I have had great “karma” (and more likely fantastic safari guides!) in seeing tigers throughout India including in my visits to the Sunderbans National Park in West Bengal and Ranthambore National Park in Rajasthan. On my last safari ride during a visit to Kaziranga National Park, fortune smiled on me again as I was able to see this majestic animal in the wild. But what really stood out during my visit was the pride I felt when I saw anti-poaching camps that were funded by the U.S. Fish and Wildlife Service (USFWS). Since 2004, USFWS has “invested” almost $1 million in these camps, to train volunteers to protect the forests and provide anti-poaching training. Along with the Indian government’s partnership, these camps and capacity building measures have been one of the keys to the increase in the one-horned rhino population in Kaziranga. The rhino population has increased from about 12 in 1905 to over 2000 today. I saw scores of rhinos during my safari ride, proof positive that the close collaboration between the Indian government, local NGOs, and U.S. Government support is working for the people of India.

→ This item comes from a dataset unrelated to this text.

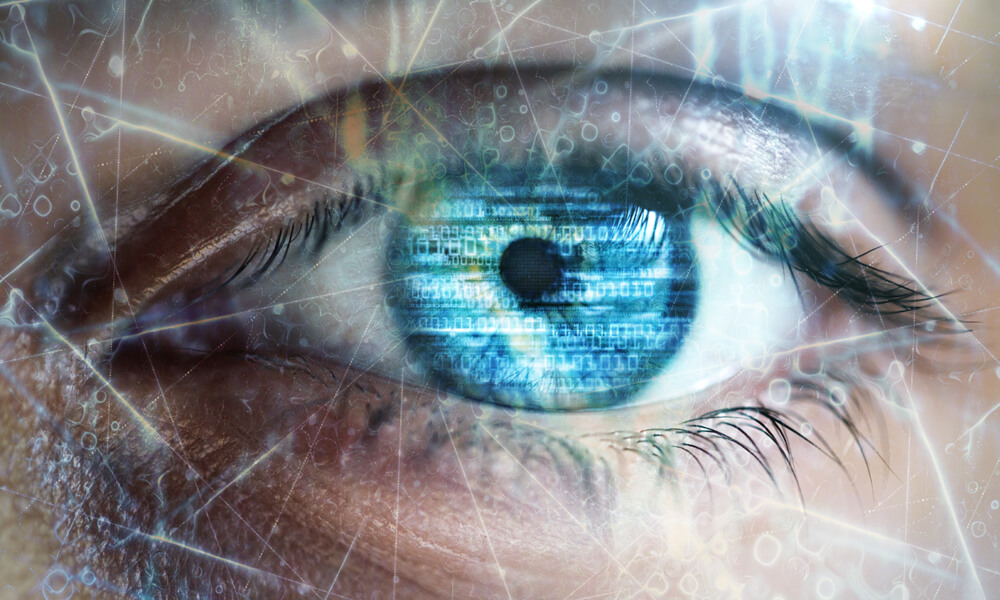 Closeup of a human eye with digital information crossing the iris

As I have seen elsewhere during my travels throughout India, there is a vibrancy, energy, and thirst for growth and development in Assam, where I visited for the first time. I had the honor of meeting with Governor J. B. Patnaik, and we discussed three areas for potential cooperation between the United States and people of India: 1) education outreach, such as possible agriculture university exchange programs; 2) ways and methods to improve agriculture production and water usage in Assam, where approximately 70 percent of the population is engaged in agriculture and related activities; and 3) creating a second green revolution with a focus on clean energy. I also toured the Numaligarh Refinery, where American-manufactured equipment has increased the capacity of the refinery by close to 50 percent; another example of the win-win benefits of the U.S.-India economic partnership that President Obama discussed on his visit.

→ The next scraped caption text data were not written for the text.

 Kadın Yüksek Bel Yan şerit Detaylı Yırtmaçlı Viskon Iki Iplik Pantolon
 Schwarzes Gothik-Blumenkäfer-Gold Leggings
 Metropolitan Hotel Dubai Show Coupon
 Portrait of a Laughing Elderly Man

Taking advantage of the beautiful weather, several volunteers, my wife Sally, and I took 32 children from a local settlement to the National Zoo. These students are enrolled in an English language program started by Sally so this was a great way for them to practice their English outside the classroom, learn new words, and see some really great stuff! We saw white tigers, one-horned rhinos, black bears, chimpanzees, and so much more. The staff at the zoo did a great job showing us around and letting us visit all the animals. I am not sure who had more fun – the children or the volunteers – but we all had a fantastic time. Tell me, what is your favorite animal to see?